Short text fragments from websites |
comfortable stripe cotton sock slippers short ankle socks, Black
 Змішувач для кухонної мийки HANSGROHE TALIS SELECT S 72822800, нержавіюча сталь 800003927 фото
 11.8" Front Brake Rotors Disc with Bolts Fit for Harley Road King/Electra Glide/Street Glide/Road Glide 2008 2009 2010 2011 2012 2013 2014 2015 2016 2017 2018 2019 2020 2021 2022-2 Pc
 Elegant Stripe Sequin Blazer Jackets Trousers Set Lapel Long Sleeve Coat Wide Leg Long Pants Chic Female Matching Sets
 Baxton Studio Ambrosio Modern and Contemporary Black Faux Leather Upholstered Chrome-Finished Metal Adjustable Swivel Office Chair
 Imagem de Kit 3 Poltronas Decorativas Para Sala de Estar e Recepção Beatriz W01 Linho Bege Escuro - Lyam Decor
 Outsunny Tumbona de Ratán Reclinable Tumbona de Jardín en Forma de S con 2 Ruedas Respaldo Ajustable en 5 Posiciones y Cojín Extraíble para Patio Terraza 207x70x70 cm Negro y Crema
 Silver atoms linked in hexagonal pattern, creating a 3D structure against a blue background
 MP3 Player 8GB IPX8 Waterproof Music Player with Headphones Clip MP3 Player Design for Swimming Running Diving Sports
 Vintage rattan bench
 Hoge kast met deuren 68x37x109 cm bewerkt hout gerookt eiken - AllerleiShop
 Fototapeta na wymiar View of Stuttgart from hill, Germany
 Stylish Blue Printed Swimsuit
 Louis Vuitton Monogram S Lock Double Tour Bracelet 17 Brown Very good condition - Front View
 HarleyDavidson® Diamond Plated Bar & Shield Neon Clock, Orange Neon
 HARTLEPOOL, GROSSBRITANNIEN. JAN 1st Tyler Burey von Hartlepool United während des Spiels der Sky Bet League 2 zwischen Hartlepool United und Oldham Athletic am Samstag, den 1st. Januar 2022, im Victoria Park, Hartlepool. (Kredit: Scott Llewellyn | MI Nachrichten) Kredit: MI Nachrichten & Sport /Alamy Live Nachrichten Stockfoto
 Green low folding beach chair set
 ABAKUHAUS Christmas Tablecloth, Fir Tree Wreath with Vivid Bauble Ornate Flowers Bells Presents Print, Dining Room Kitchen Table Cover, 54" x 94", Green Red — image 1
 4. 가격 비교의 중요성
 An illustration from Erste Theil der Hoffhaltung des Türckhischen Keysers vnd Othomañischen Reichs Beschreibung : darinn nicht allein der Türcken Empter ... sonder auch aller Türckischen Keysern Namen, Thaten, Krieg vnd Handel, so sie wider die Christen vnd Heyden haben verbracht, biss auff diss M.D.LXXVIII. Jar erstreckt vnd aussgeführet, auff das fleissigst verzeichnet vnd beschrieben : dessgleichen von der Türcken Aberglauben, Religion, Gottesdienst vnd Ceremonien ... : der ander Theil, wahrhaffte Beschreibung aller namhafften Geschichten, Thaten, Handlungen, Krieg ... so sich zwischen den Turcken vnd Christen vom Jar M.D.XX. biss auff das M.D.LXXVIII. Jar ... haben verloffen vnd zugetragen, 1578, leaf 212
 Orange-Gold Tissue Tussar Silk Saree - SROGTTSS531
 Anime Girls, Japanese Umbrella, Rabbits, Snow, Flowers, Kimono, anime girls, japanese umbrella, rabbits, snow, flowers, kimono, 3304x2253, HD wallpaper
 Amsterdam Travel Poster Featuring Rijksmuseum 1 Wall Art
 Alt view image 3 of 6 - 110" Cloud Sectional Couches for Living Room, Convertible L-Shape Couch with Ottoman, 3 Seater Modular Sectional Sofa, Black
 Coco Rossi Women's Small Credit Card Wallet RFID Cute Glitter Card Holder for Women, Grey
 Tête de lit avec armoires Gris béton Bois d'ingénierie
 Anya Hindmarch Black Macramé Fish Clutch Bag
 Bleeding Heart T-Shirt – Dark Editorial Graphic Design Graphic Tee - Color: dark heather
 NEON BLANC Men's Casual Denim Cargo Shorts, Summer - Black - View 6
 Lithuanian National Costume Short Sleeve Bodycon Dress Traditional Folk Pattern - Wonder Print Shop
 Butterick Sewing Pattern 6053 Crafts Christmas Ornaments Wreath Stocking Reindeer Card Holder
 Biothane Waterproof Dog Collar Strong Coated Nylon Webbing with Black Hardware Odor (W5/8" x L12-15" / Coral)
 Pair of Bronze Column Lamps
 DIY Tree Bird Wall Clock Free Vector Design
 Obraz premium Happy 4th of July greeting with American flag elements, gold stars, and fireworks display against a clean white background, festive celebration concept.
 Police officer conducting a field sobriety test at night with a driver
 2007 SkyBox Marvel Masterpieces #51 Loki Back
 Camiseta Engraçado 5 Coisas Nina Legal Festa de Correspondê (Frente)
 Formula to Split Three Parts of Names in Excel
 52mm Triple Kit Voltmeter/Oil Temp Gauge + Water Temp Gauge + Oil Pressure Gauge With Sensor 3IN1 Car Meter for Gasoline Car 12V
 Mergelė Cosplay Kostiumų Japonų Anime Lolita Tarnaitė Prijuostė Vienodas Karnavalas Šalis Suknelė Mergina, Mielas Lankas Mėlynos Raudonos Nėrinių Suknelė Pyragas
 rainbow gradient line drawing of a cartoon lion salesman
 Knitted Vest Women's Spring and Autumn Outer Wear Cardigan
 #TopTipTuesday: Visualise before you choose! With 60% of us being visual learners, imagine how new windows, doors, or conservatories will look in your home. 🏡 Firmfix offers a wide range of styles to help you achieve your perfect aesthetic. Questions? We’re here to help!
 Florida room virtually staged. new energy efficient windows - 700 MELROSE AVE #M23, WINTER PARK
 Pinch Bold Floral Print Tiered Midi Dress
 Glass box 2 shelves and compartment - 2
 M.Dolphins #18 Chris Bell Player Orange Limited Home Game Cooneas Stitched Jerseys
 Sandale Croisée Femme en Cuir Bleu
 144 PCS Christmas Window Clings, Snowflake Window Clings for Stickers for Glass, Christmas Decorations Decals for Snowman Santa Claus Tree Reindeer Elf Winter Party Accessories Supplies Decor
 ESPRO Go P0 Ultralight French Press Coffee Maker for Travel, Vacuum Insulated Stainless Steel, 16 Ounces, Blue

ASSIGNMENT |
Repeat the entries exactly, leaving nothing out.

RESULT |
comfortable stripe cotton sock slippers short ankle socks, Black
 Змішувач для кухонної мийки HANSGROHE TALIS SELECT S 72822800, нержавіюча сталь 800003927 фото
 11.8" Front Brake Rotors Disc with Bolts Fit for Harley Road King/Electra Glide/Street Glide/Road Glide 2008 2009 2010 2011 2012 2013 2014 2015 2016 2017 2018 2019 2020 2021 2022-2 Pc
 Elegant Stripe Sequin Blazer Jackets Trousers Set Lapel Long Sleeve Coat Wide Leg Long Pants Chic Female Matching Sets
 Baxton Studio Ambrosio Modern and Contemporary Black Faux Leather Upholstered Chrome-Finished Metal Adjustable Swivel Office Chair
 Imagem de Kit 3 Poltronas Decorativas Para Sala de Estar e Recepção Beatriz W01 Linho Bege Escuro - Lyam Decor
 Outsunny Tumbona de Ratán Reclinable Tumbona de Jardín en Forma de S con 2 Ruedas Respaldo Ajustable en 5 Posiciones y Cojín Extraíble para Patio Terraza 207x70x70 cm Negro y Crema
 Silver atoms linked in hexagonal pattern, creating a 3D structure against a blue background
 MP3 Player 8GB IPX8 Waterproof Music Player with Headphones Clip MP3 Player Design for Swimming Running Diving Sports
 Vintage rattan bench
 Hoge kast met deuren 68x37x109 cm bewerkt hout gerookt eiken - AllerleiShop
 Fototapeta na wymiar View of Stuttgart from hill, Germany
 Stylish Blue Printed Swimsuit
 Louis Vuitton Monogram S Lock Double Tour Bracelet 17 Brown Very good condition - Front View
 HarleyDavidson® Diamond Plated Bar & Shield Neon Clock, Orange Neon
 HARTLEPOOL, GROSSBRITANNIEN. JAN 1st Tyler Burey von Hartlepool United während des Spiels der Sky Bet League 2 zwischen Hartlepool United und Oldham Athletic am Samstag, den 1st. Januar 2022, im Victoria Park, Hartlepool. (Kredit: Scott Llewellyn | MI Nachrichten) Kredit: MI Nachrichten & Sport /Alamy Live Nachrichten Stockfoto
 Green low folding beach chair set
 ABAKUHAUS Christmas Tablecloth, Fir Tree Wreath with Vivid Bauble Ornate Flowers Bells Presents Print, Dining Room Kitchen Table Cover, 54" x 94", Green Red — image 1
 4. 가격 비교의 중요성
 An illustration from Erste Theil der Hoffhaltung des Türckhischen Keysers vnd Othomañischen Reichs Beschreibung : darinn nicht allein der Türcken Empter ... sonder auch aller Türckischen Keysern Namen, Thaten, Krieg vnd Handel, so sie wider die Christen vnd Heyden haben verbracht, biss auff diss M.D.LXXVIII. Jar erstreckt vnd aussgeführet, auff das fleissigst verzeichnet vnd beschrieben : dessgleichen von der Türcken Aberglauben, Religion, Gottesdienst vnd Ceremonien ... : der ander Theil, wahrhaffte Beschreibung aller namhafften Geschichten, Thaten, Handlungen, Krieg ... so sich zwischen den Turcken vnd Christen vom Jar M.D.XX. biss auff das M.D.LXXVIII. Jar ... haben verloffen vnd zugetragen, 1578, leaf 212
 Orange-Gold Tissue Tussar Silk Saree - SROGTTSS531
 Anime Girls, Japanese Umbrella, Rabbits, Snow, Flowers, Kimono, anime girls, japanese umbrella, rabbits, snow, flowers, kimono, 3304x2253, HD wallpaper
 Amsterdam Travel Poster Featuring Rijksmuseum 1 Wall Art
 Alt view image 3 of 6 - 110" Cloud Sectional Couches for Living Room, Convertible L-Shape Couch with Ottoman, 3 Seater Modular Sectional Sofa, Black
 Coco Rossi Women's Small Credit Card Wallet RFID Cute Glitter Card Holder for Women, Grey
 Tête de lit avec armoires Gris béton Bois d'ingénierie
 Anya Hindmarch Black Macramé Fish Clutch Bag
 Bleeding Heart T-Shirt – Dark Editorial Graphic Design Graphic Tee - Color: dark heather
 NEON BLANC Men's Casual Denim Cargo Shorts, Summer - Black - View 6
 Lithuanian National Costume Short Sleeve Bodycon Dress Traditional Folk Pattern - Wonder Print Shop
 Butterick Sewing Pattern 6053 Crafts Christmas Ornaments Wreath Stocking Reindeer Card Holder
 Biothane Waterproof Dog Collar Strong Coated Nylon Webbing with Black Hardware Odor (W5/8" x L12-15" / Coral)
 Pair of Bronze Column Lamps
 DIY Tree Bird Wall Clock Free Vector Design
 Obraz premium Happy 4th of July greeting with American flag elements, gold stars, and fireworks display against a clean white background, festive celebration concept.
 Police officer conducting a field sobriety test at night with a driver
 2007 SkyBox Marvel Masterpieces #51 Loki Back
 Camiseta Engraçado 5 Coisas Nina Legal Festa de Correspondê (Frente)
 Formula to Split Three Parts of Names in Excel
 52mm Triple Kit Voltmeter/Oil Temp Gauge + Water Temp Gauge + Oil Pressure Gauge With Sensor 3IN1 Car Meter for Gasoline Car 12V
 Mergelė Cosplay Kostiumų Japonų Anime Lolita Tarnaitė Prijuostė Vienodas Karnavalas Šalis Suknelė Mergina, Mielas Lankas Mėlynos Raudonos Nėrinių Suknelė Pyragas
 rainbow gradient line drawing of a cartoon lion salesman
 Knitted Vest Women's Spring and Autumn Outer Wear Cardigan
 #TopTipTuesday: Visualise before you choose! With 60% of us being visual learners, imagine how new windows, doors, or conservatories will look in your home. 🏡 Firmfix offers a wide range of styles to help you achieve your perfect aesthetic. Questions? We’re here to help!
 Florida room virtually staged. new energy efficient windows - 700 MELROSE AVE #M23, WINTER PARK
 Pinch Bold Floral Print Tiered Midi Dress
 Glass box 2 shelves and compartment - 2
 M.Dolphins #18 Chris Bell Player Orange Limited Home Game Cooneas Stitched Jerseys
 Sandale Croisée Femme en Cuir Bleu
 144 PCS Christmas Window Clings, Snowflake Window Clings for Stickers for Glass, Christmas Decorations Decals for Snowman Santa Claus Tree Reindeer Elf Winter Party Accessories Supplies Decor
 ESPRO Go P0 Ultralight French Press Coffee Maker for Travel, Vacuum Insulated Stainless Steel, 16 Ounces, Blue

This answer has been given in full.